| Modified Spectral Solutions for Solving Some Types of Two-Dimensional Integral Equations |
| Paper ID : 1008-ISCH |
| Authors |
|
Ahmed M. Abbas *1, Youssri Hassan Youssri2, Mamdouh Metwally Elkady3, Mohamed Ahmed Abdelhakem4 1T. A., Mathematics Department, Faculty of Science, Helwan University, Helwan 11795, Egypt 2Associate Professor, Mathematics Department, Faculty of Science, Cairo University, Giza 12613, Egypt 3Professor, Mathematics Department, Faculty of Science, Helwan University, Helwan 11795, Egypt 4Associate Professor, Mathematics Department, Faculty of Science, Helwan University, Helwan 11795, Egypt |
| Abstract |
| This research introduces a numerical method for solving two-dimensional integral equations. The exact solution is assumed to be a limit point for the set of all polynomials and is approximated to be a finite series of constant multiples of basis functions for the polynomial functions space. Legendre’s first derivative polynomials have been chosen in this work as the orthogonal basis functions.
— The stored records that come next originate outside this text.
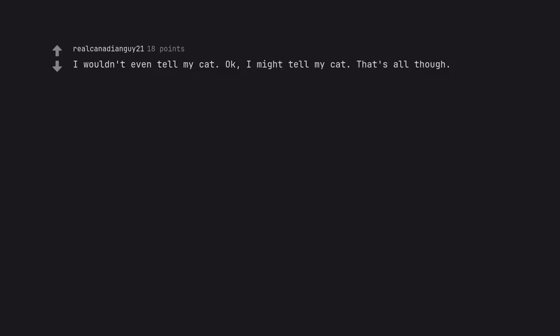I wouldn't even tell my cat. Okay, I might tell my cat. That's all though. When it happens, my cat would like to date your cat.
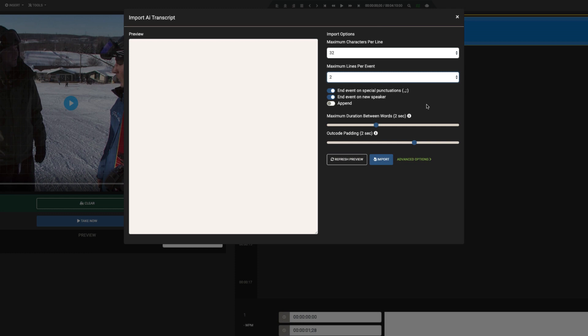Often times, this is used in conjunction with the Advanced options, which we'll touch on a little later. There are also two slider options. The first option indicates the maximum amount of time between words spoken before the importer will split an event. We'll set this to half a second.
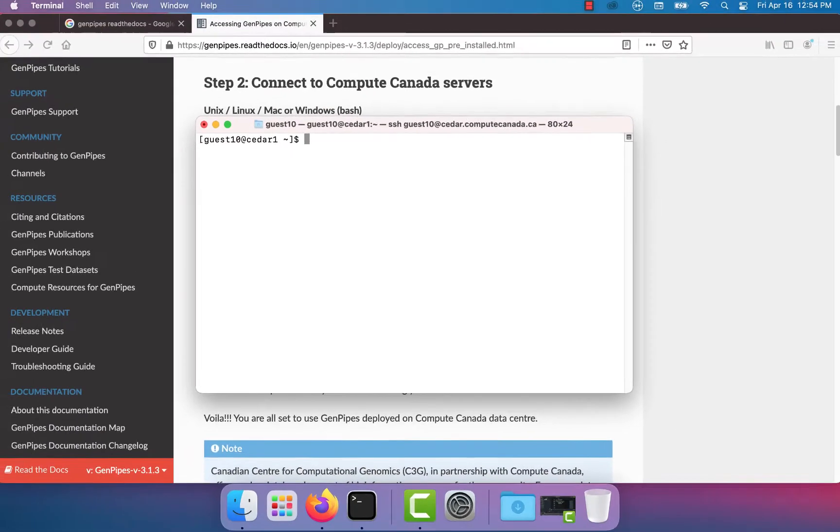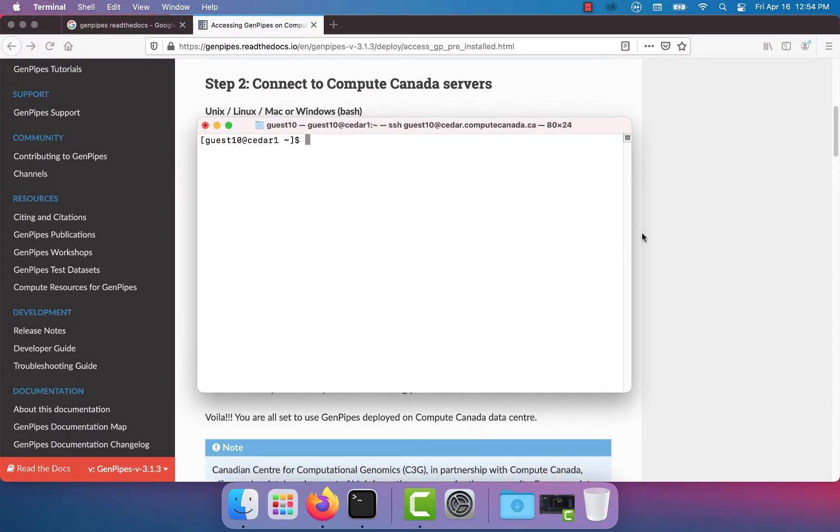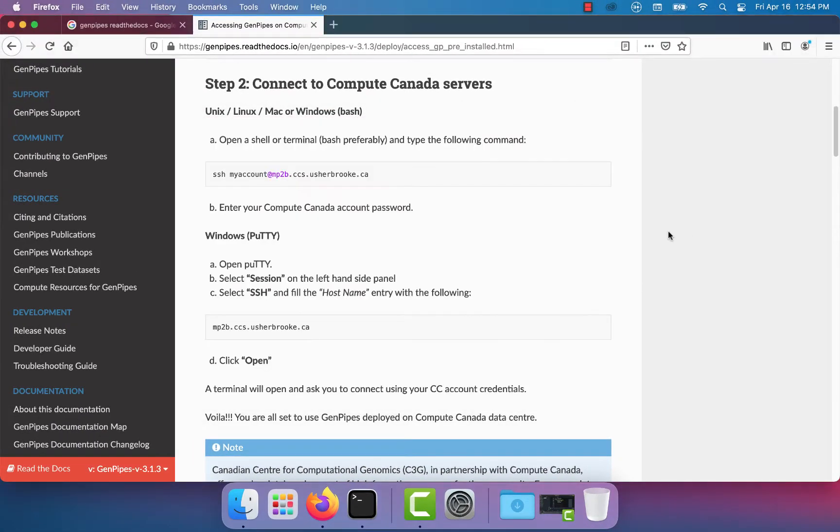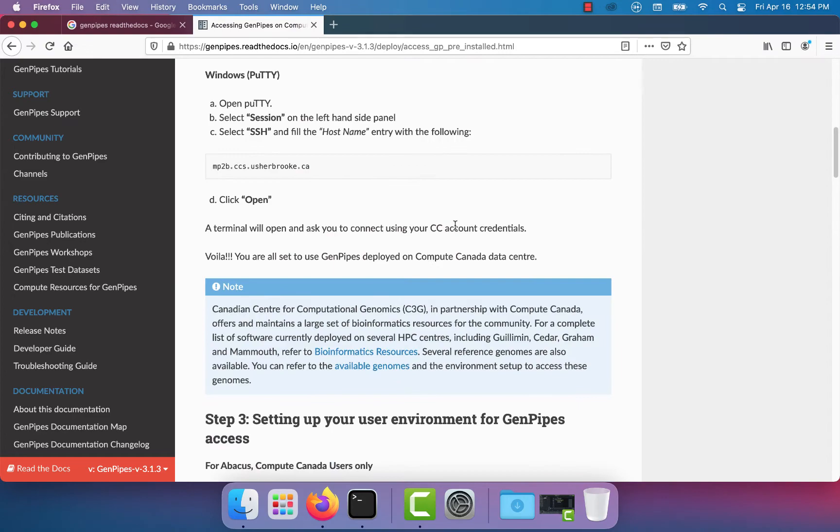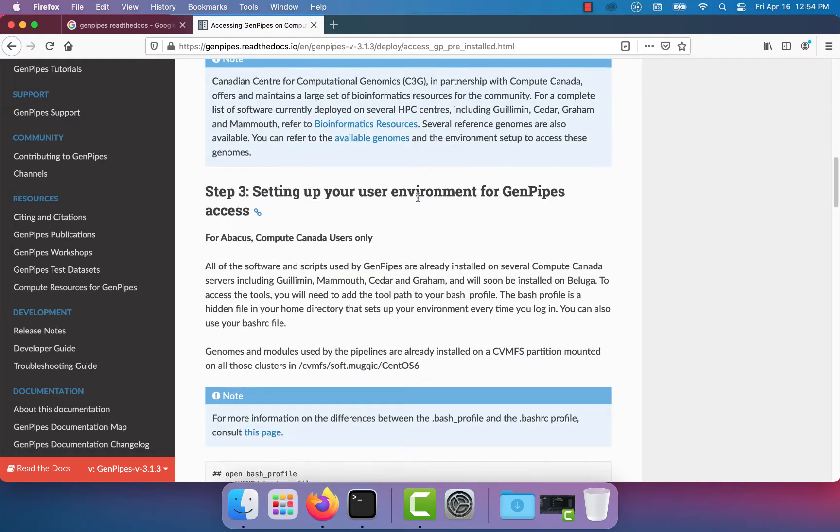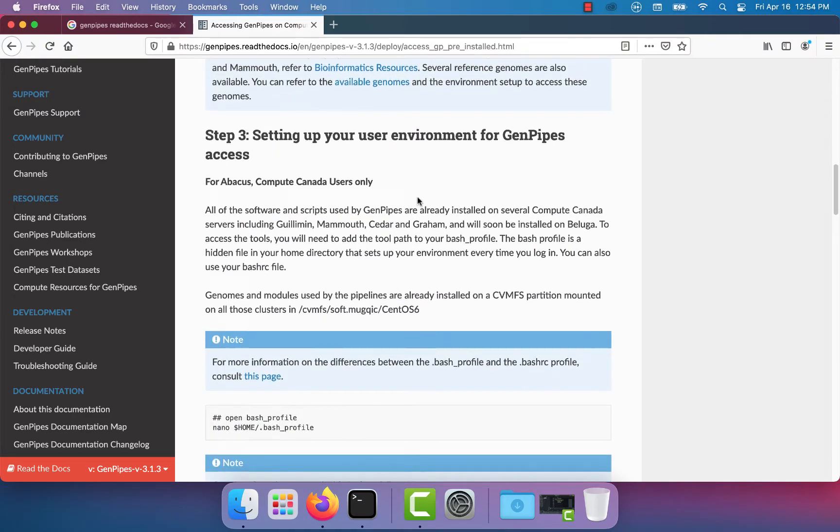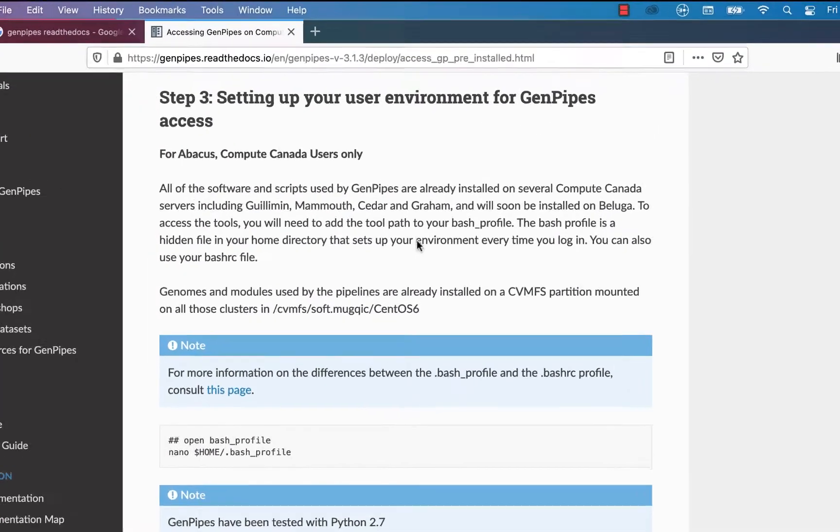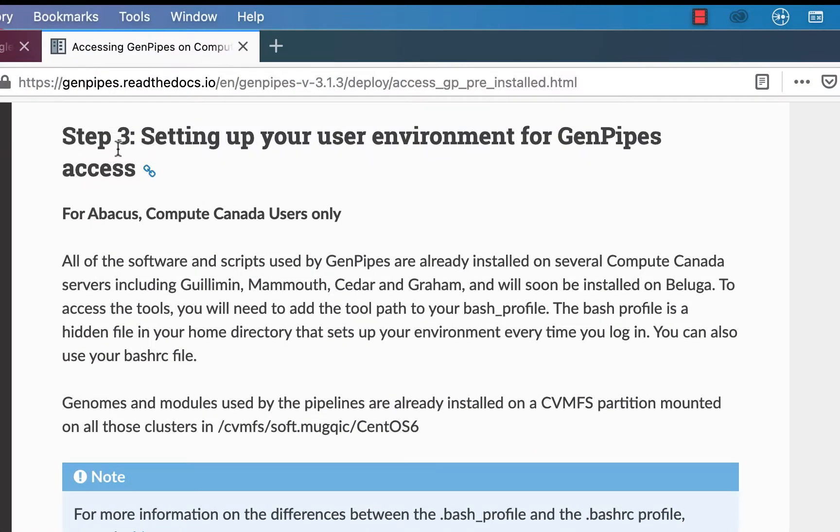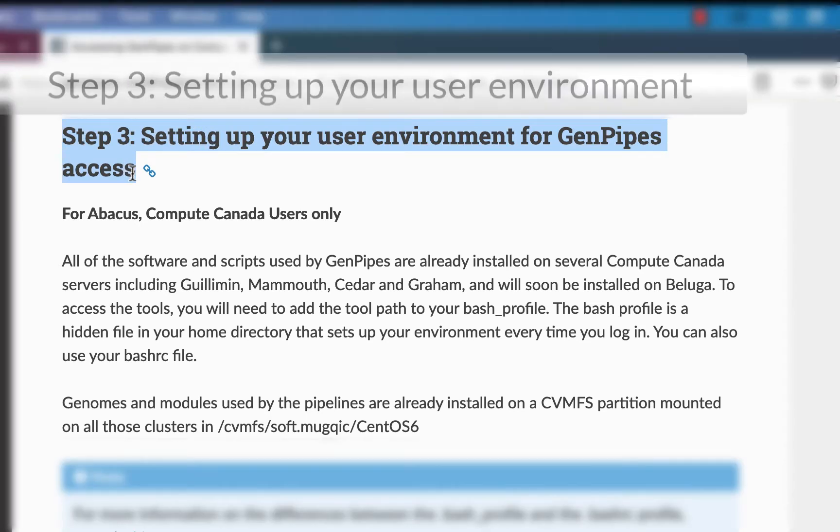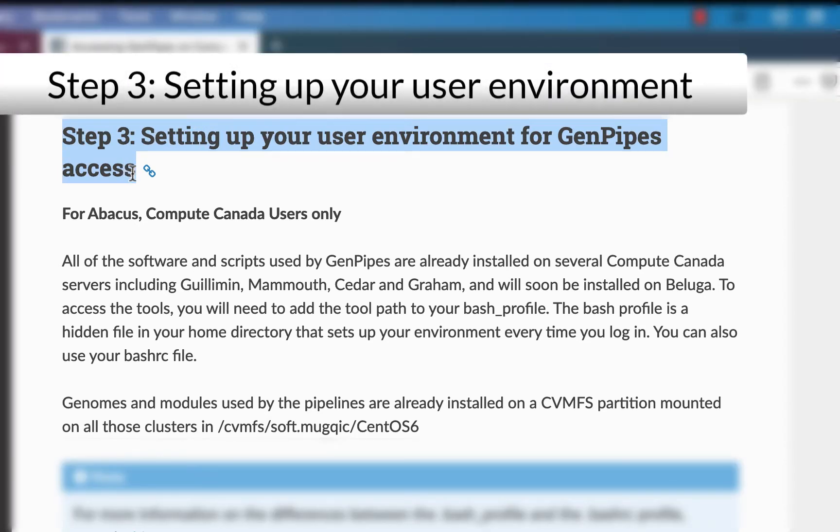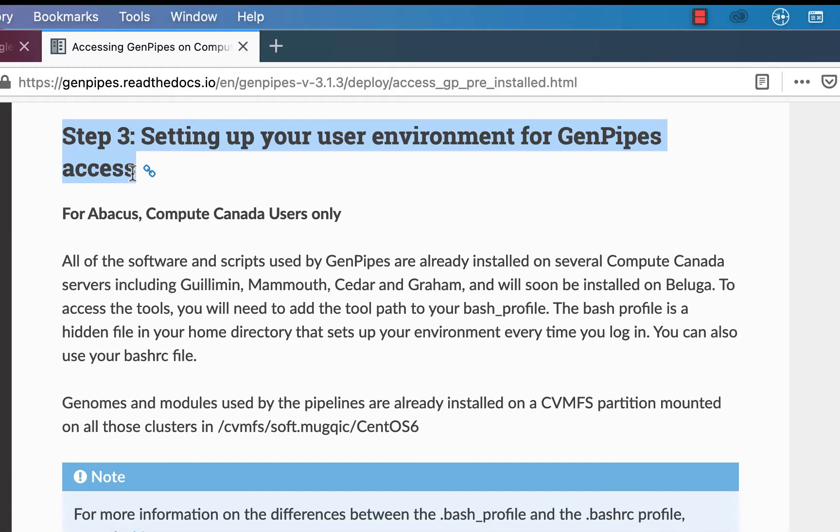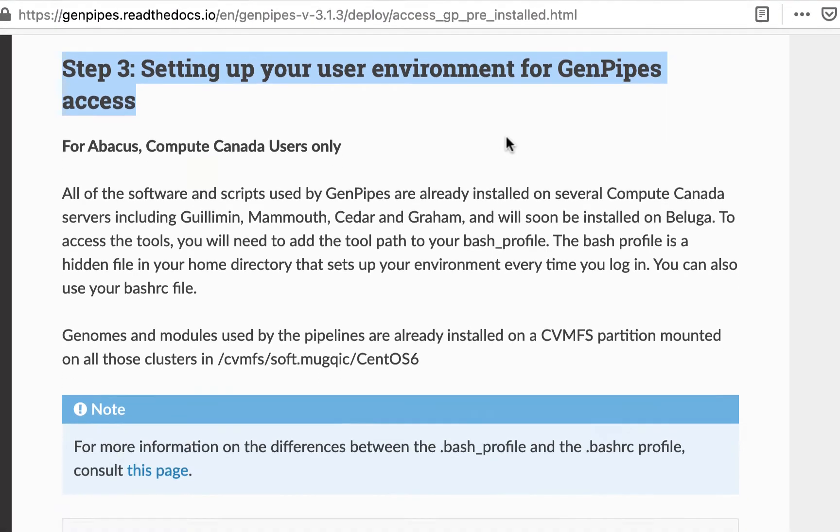After you have logged into the cluster move on to step 3. All the software and scripts used by GenPipes are pre-installed on Compute Canada clusters. You will first need to set up your user environment to run GenPipes. You can start by adding these tool paths to your bash profile.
Some new relations are constructed, such as the linearization formula. Subsequently, applying the pseudo-Galerkin spectral method results in a system of algebraic equations in the constant coefficients of the approximated expansion. Lastly, we solve the algebraic system using the Gauss elimination method for linear systems or Newton’s iteration method with zero initial guesses for nonlinear systems that are most likely to appear out of the presented procedure. This approach yields the desired semi-analytic approximate solution. Convergence and error analyses have been studied. To clarify the efficiency and accuracy of the presented method, we solved some numerical test problems. |
| Keywords |
| Legendre polynomials, spectral methods, pseudo-Galerkin spectral method, integral equations. |
| Status: Abstract Accepted (Poster Presentation) |